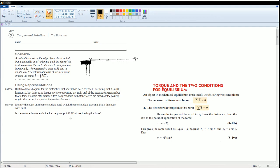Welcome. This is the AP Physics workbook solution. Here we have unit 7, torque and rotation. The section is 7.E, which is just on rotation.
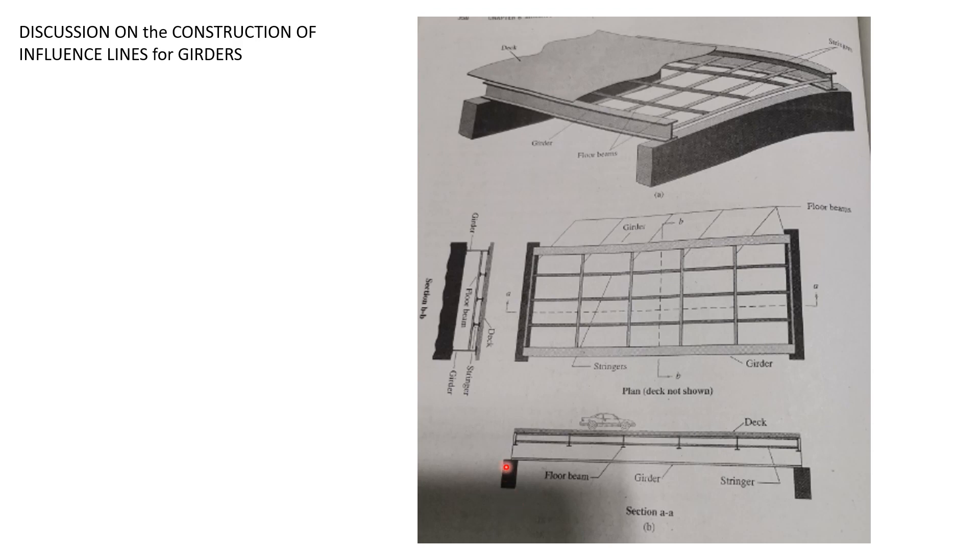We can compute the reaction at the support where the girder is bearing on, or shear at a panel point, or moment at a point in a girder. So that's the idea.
--
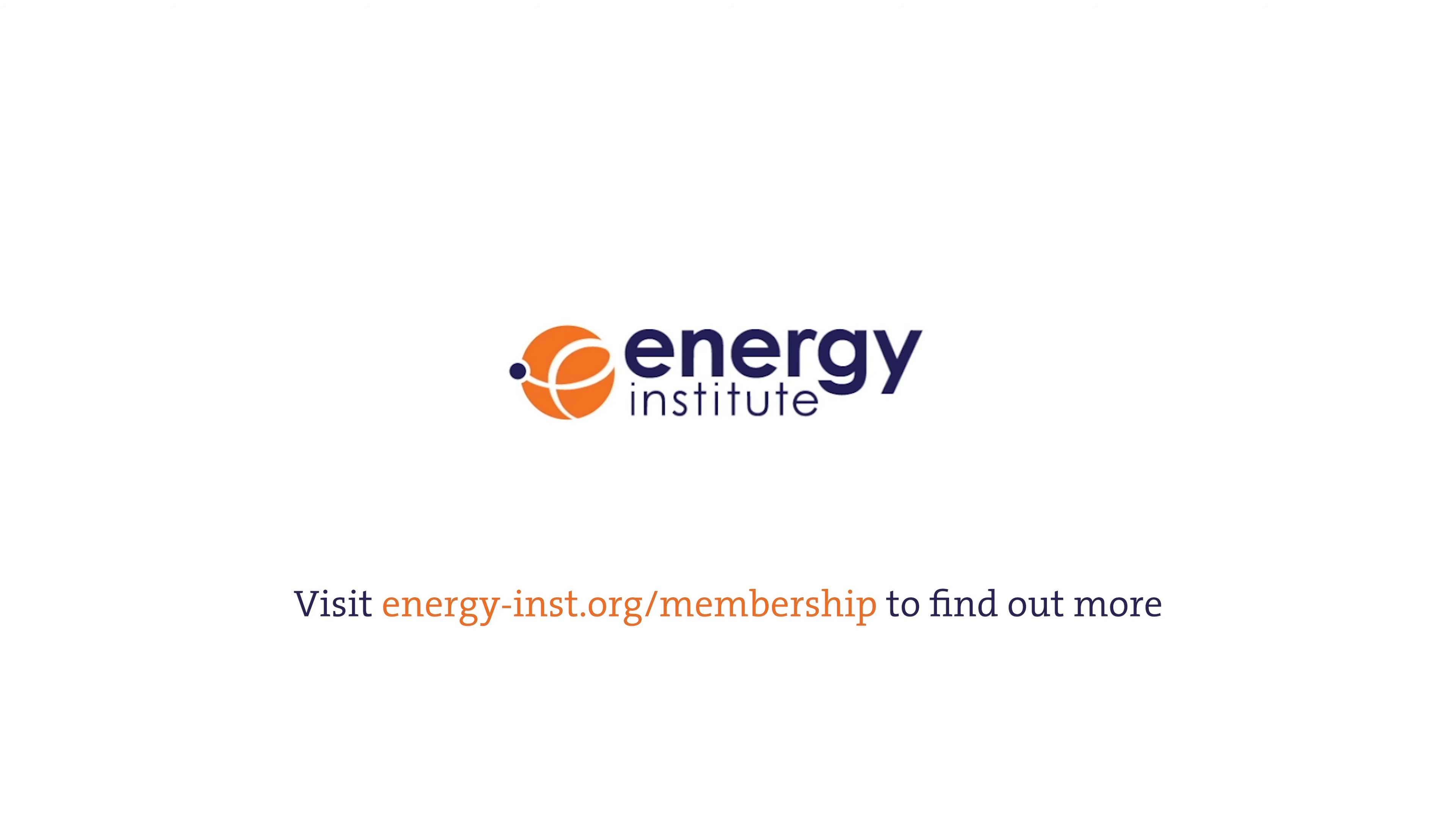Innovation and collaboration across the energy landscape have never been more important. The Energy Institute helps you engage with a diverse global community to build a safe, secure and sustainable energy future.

> **What you will do**: The stretch to restate runs from the line above containing "Welcome. This is" through the line containing "We can compute". Copy it word for word, ends included, without pictures.

> **Response**:
Welcome. This is the AP Physics workbook solution. Here we have unit 7, torque and rotation. The section is 7.E, which is just on rotation.
We can compute the reaction at the support where the girder is bearing on, or shear at a panel point, or moment at a point in a girder. So that's the idea.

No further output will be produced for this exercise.